- [What is needed]
Repeat the listing verbatim. Drop any pictures.

- [Information provided]

== Segment start ==

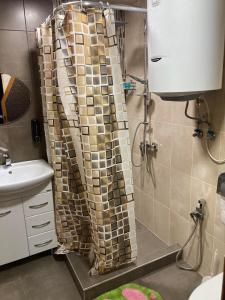 a shower with a shower curtain in a bathroom at Green Villa Resort Blue in Dilijan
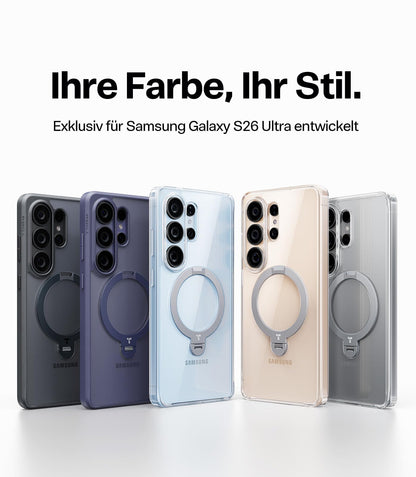 TORRAS Ostand Q3 Spin Hülle für Samsung Galaxy S26 Ultra transparent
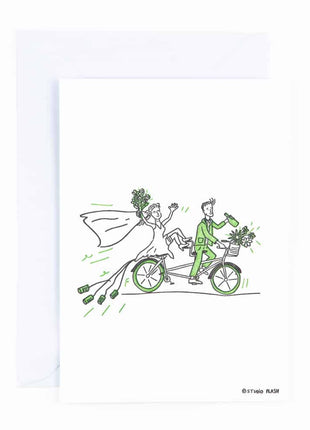 Wenskaart -  trouwen - liefde - wedding tandem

== Segment end ==

- [Reply]
 a shower with a shower curtain in a bathroom at Green Villa Resort Blue in Dilijan
 TORRAS Ostand Q3 Spin Hülle für Samsung Galaxy S26 Ultra transparent
 Wenskaart -  trouwen - liefde - wedding tandem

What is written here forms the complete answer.